### Records for processing
* * * * *

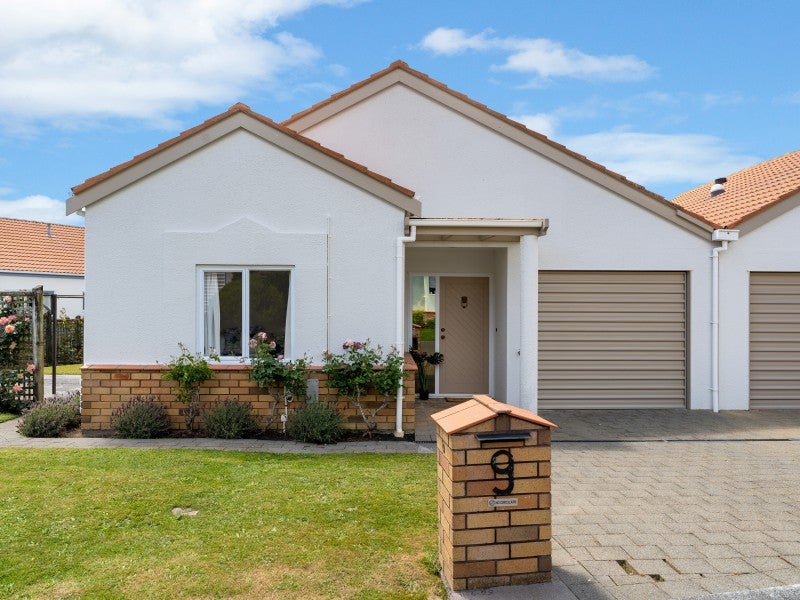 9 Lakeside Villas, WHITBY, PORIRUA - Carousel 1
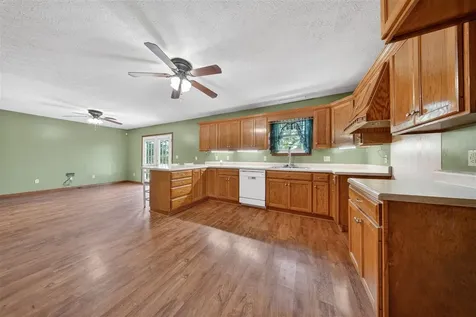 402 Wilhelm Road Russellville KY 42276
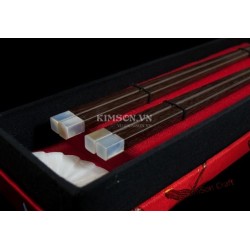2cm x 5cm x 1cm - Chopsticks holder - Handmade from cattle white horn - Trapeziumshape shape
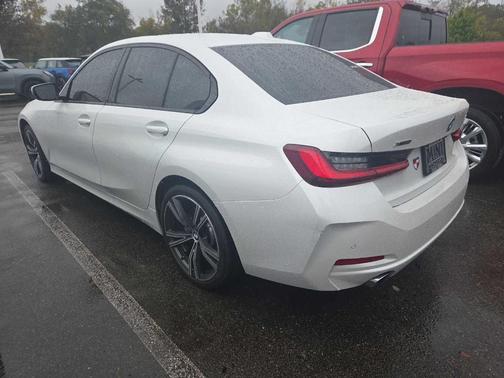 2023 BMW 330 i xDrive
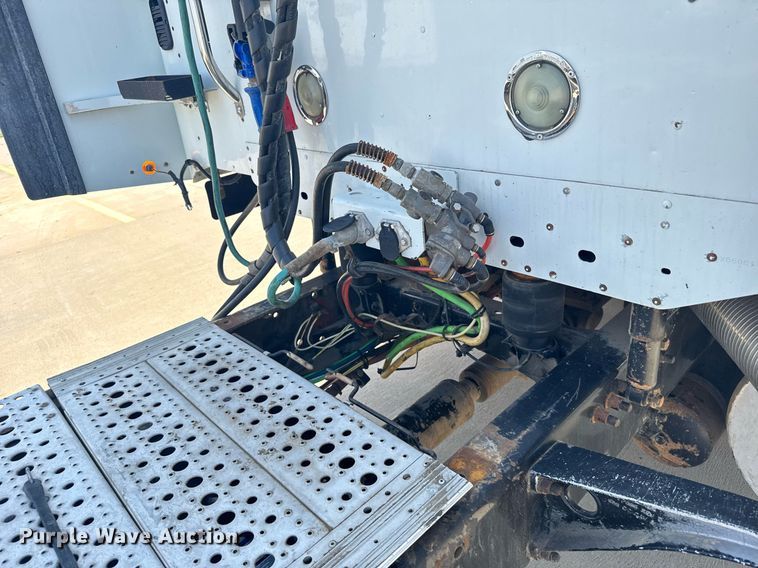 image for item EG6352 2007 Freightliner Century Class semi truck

* * * * *

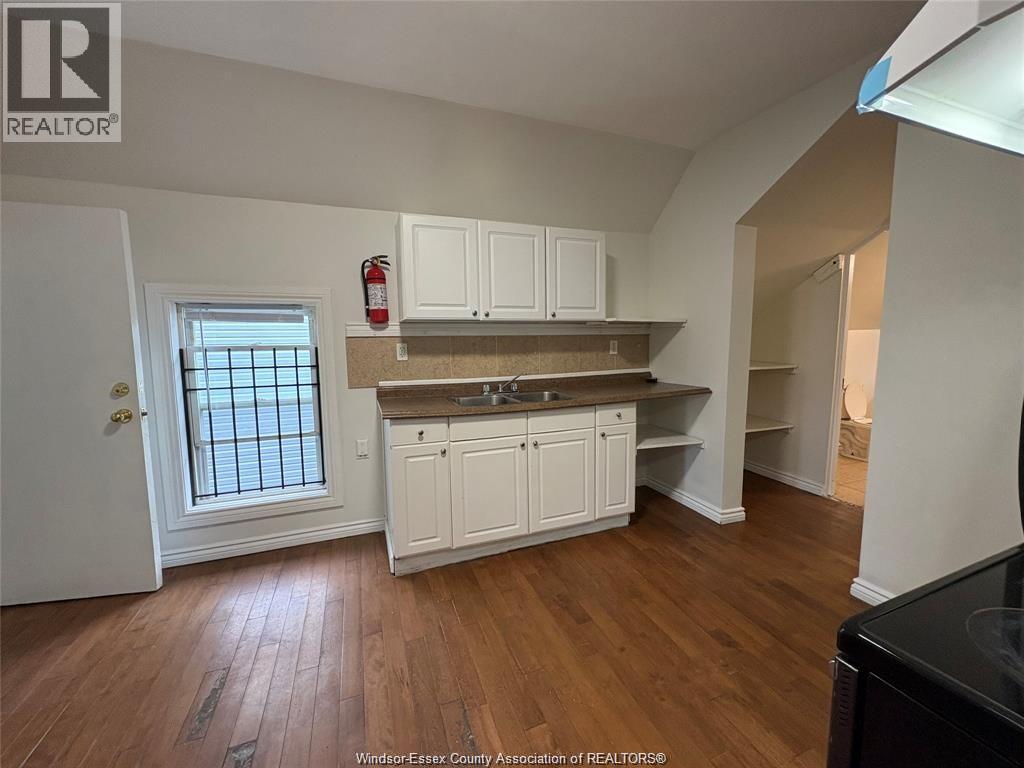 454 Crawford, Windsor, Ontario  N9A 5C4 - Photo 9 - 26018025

* * * * *

Quote the data above exactly from the line with "9 Lakeside Villas, WHITBY, PORIRUA" to the line with "image for item", both ends counted, and nothing else. Pictures don't go in.

### Solved problem
 9 Lakeside Villas, WHITBY, PORIRUA - Carousel 1
 402 Wilhelm Road Russellville KY 42276
2cm x 5cm x 1cm - Chopsticks holder - Handmade from cattle white horn - Trapeziumshape shape
 2023 BMW 330 i xDrive
 image for item EG6352 2007 Freightliner Century Class semi truck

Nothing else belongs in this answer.